MAINT: Remove python <2.7,<3.3 string/unicode workarounds #8832

eric-wieser · 2017-03-25T10:14:18Z

This transforms strings to use the u and b prefixes for unicode and bytes:

asbytes('hello') → b'hello'
asbytes_nested(['a', 'b']) → [b'a', b'b']
asunicode('hello') → u'hello'
unicode('hello') → u'hello'
sixu('hello') → u'hello'

This is fine because b is supported on 2.7 and 3.x, and u is supported on 2.x and 3.3+. Our minimum versions are now 2.7 and 3.4?

What we can't do is transform asbytes("tests %d" % num), because %-formatting
fails on bytes in python 3.x < 3.5.

As a result, ~~asunicode and~~ sixu are now not used anywhere.

Since we only need to support python 2, we can remove any case where we just pass a single string literal and use the b prefix instead.

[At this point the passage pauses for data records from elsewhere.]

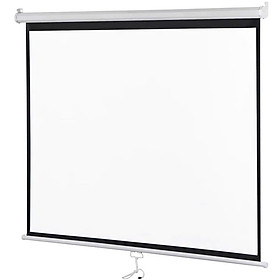 Mua Màn chiếu treo tường kéo tay Prima/ Apollo chính hãng kích thước 85 inch tới 170 inch - Hàng nhập khẩu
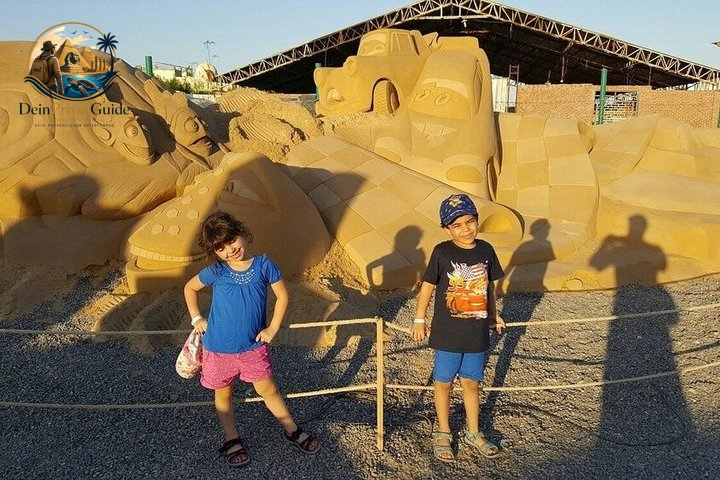 Hurghada mit Kindern | Familienfreundliche Ausflüge für 2-jährige Kinder – Bild 7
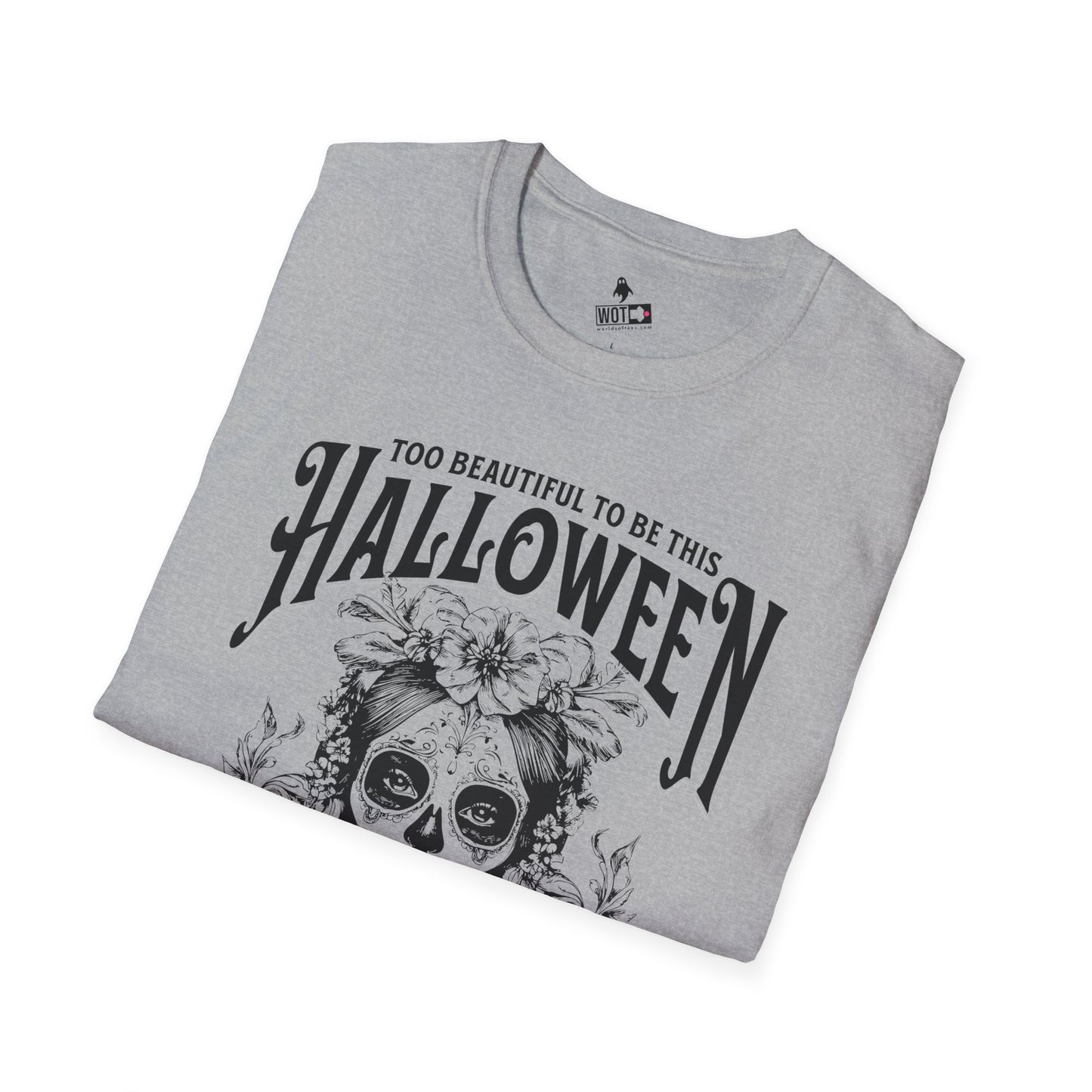 Muertos Happy Halloween T-Shirt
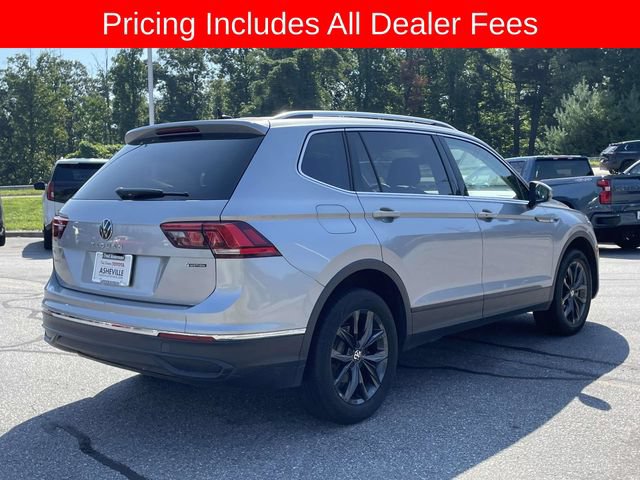 Used 2024 Volkswagen Tiguan SE AWD/4WD image 5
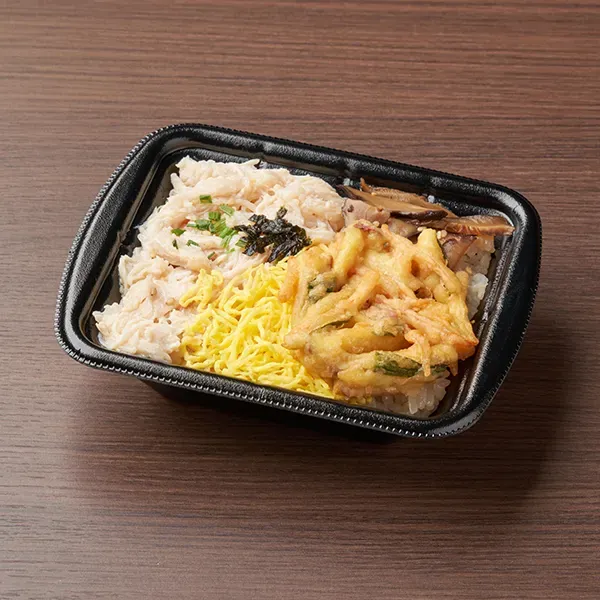 KYUSHU GOURMET ADVENTURE: Chicken Rice with Sweet Potato Tempura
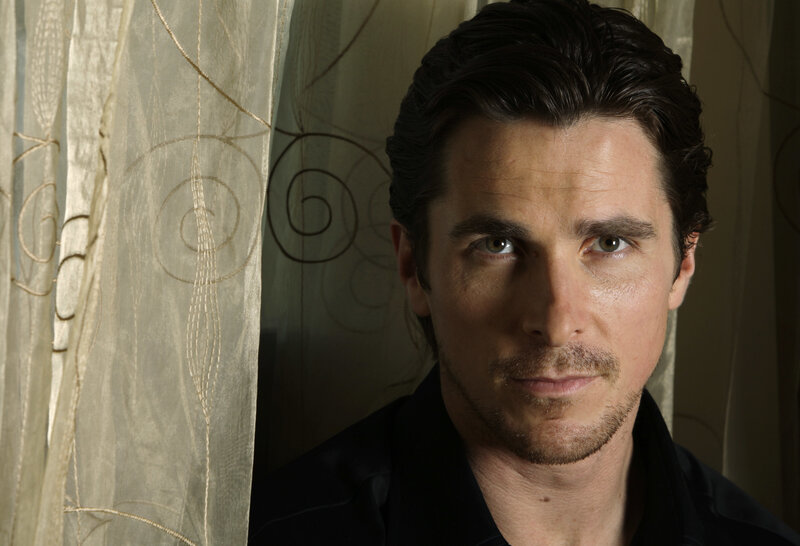 Christian Bale portrait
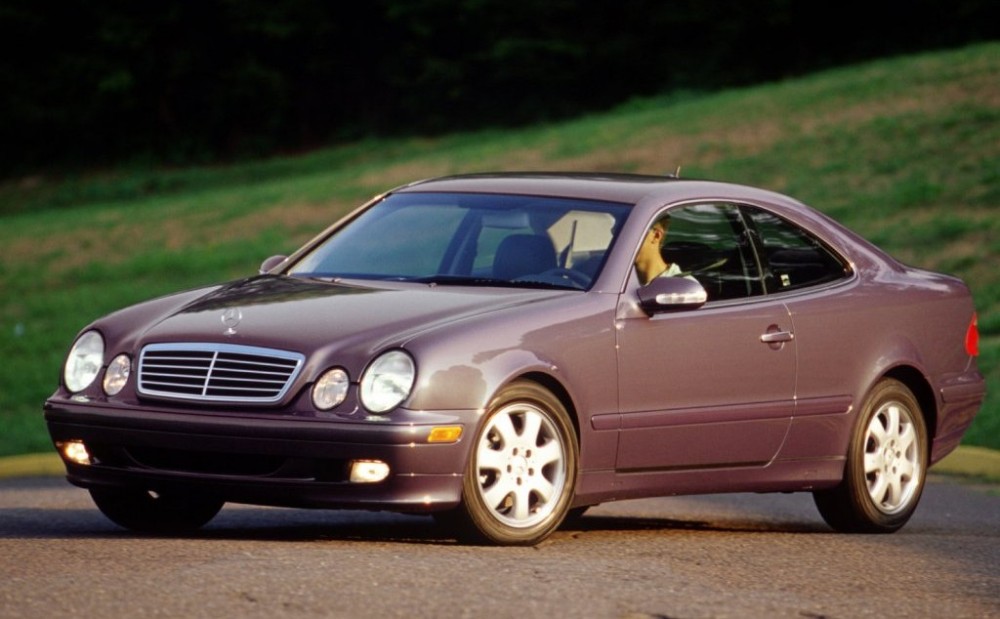 Mercedes CLK 1999 foto attēls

What we can't do is transform asbytes("tests %d" % num), because %-formatting fails on bytes in python 3.x < 3.5.

u prefixes are supported in Python 2.7 and 3.3+

juliantaylor · 2017-03-25T13:46:52Z

thanks, nice cleanup
though seeing this used so often just reminds me of the poor state our io functions are in...

eric-wieser · 2017-03-25T14:00:08Z

though seeing this used so often just reminds me of the poor state our io functions are in

Tell me about it. Perhaps now that we don't use these conversion/hack functions much in testing, they can give a deprecation warning on python 3?

eric-wieser · 2017-03-25T14:00:42Z

Also, is removing functions from numpy.compat ok, or is that public api?

juliantaylor · 2017-03-25T14:12:13Z

technically public api, we could slap deprecation warnings on them but I don't think its worth the effort.

eric-wieser · 2017-04-10T12:49:34Z

Hmmm... This had a big performance hit on bench_core.CountNonzero.time_count_nonzero(1, 1000000, <type 'str'>), which is a little surprising.

Especially since none of the things this touches should have any effect on the behaviour of count_nonzero...

eric-wieser · 2017-04-10T13:02:13Z

Ah, that regression is clearly from 9791f20, and is due to a deliberate benchmark change.

@pv: Am I reading ASV incorrectly, or does it look like there's a bug in attaching commit ids to benchmarks?

pv · 2017-04-10T13:06:28Z

ASV does not try to track if the *benchmark* code itself is changed. If benchmarks are changed, old results need to be invalidated manually. The results repository in question is here: https://github.com/pv/numpy-bench

eric-wieser · 2017-04-10T13:08:33Z

ASV does not try to track if the benchmark code itself is changed

Sure, that explains why the regression is there. But why does it attach the regression to this commit, and not to your commit? It has benchmark data for both, and mine came before yours!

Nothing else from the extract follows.